Find your creative family and love them back.
That’s not unusual, either. Writers—artists in general—can be competitive, cliquish, even snooty. But it’s also true that, on the whole, so far as I’ve seen it, there is room in writing and the creative community at large for happiness, warmth, and connection. I never expected a social dividend from a solitary pursuit, but this is one truth about the arts that no one really tells you—there is freedom in pursuing something you love, and freedom, as a wave of enthusiasm, as the momentum of engagement, as a conceptual permission slip, swamps failure. You can be a worried, insecure, neurotic writer, but you’ll never be the only worried, insecure, neurotic writer, and ultimately we tend to like each other. A lot. And we support the people we like, and their work, with incredible generosity of spirit.
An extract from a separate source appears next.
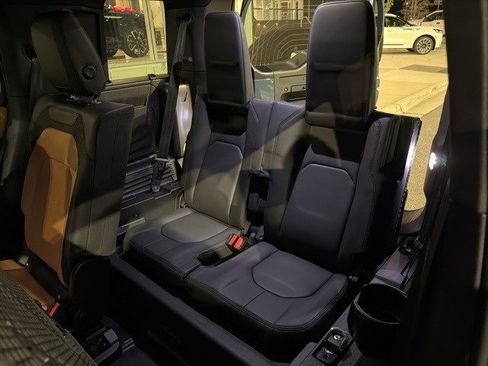 Used 2024 Land Rover Defender 110 X-Dynamic SE image 28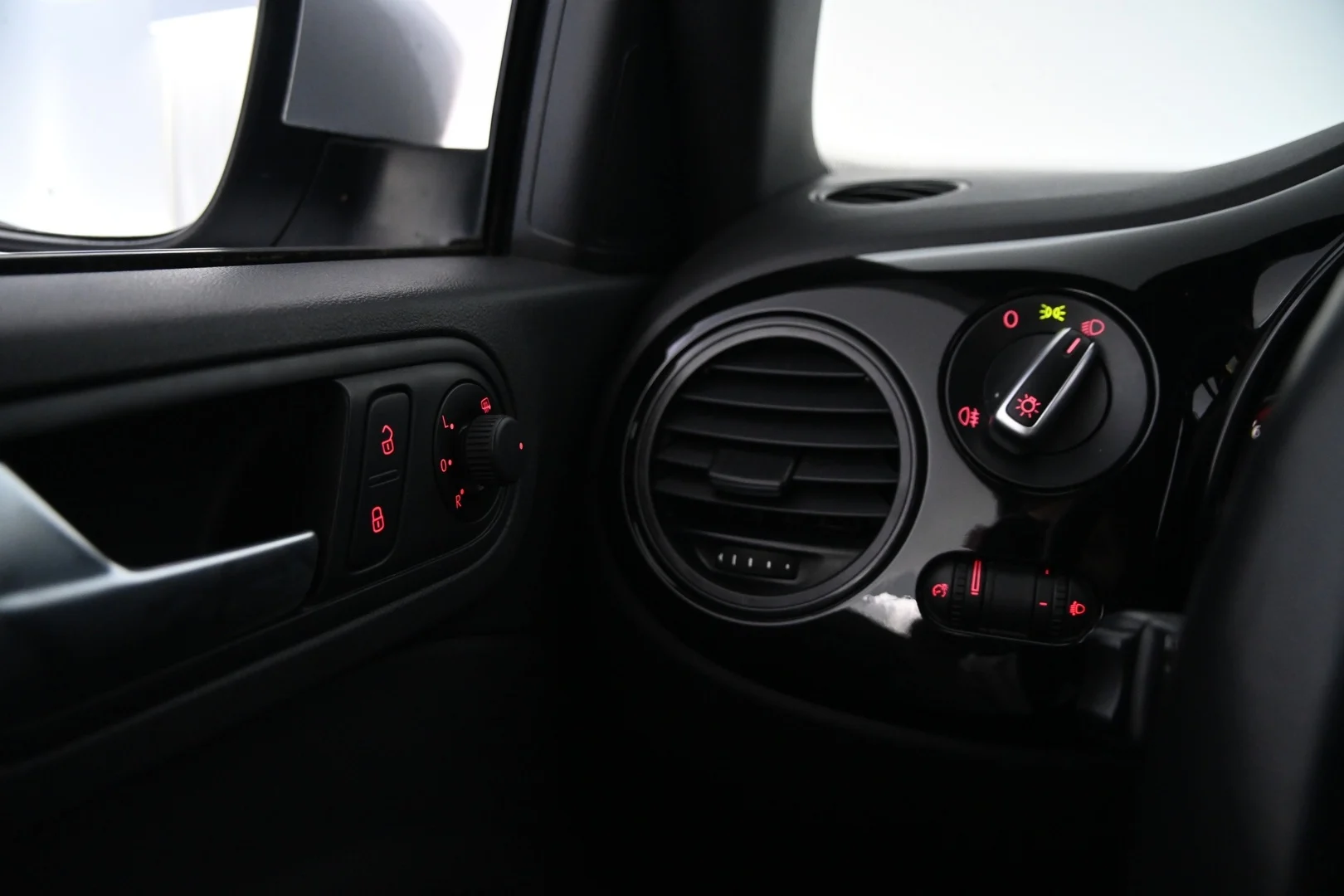 Car Image - 5naKZ16Rgx3t0rcKWhi9en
Of course there will be puddles of bullshit on the way to feeling connected and productive. And here is where I begin to fill out your get-out-of-advice-free slip.
I have had, notable among other small clusters of such, two distinct, sharply unpleasant, and weirdly dystopian (personally and purposefully speaking) conversations with conscientious people-I-know trying their damnedest to convince me that writers should-not-must-not submit their writing for the scrutiny of others until some distant point at which said writer (but they always mean you, whoever they are talking to) achieves real writing, real, not false, not all upstarty and raw, not lame or unworthy, but real, in the same sense the velveteen rabbit woke up and realized he wasn’t stuffed anymore after little Timmy died of scarlet fever, or whatever happened in the version you self-edit so you can justify reading that awful story to your own children.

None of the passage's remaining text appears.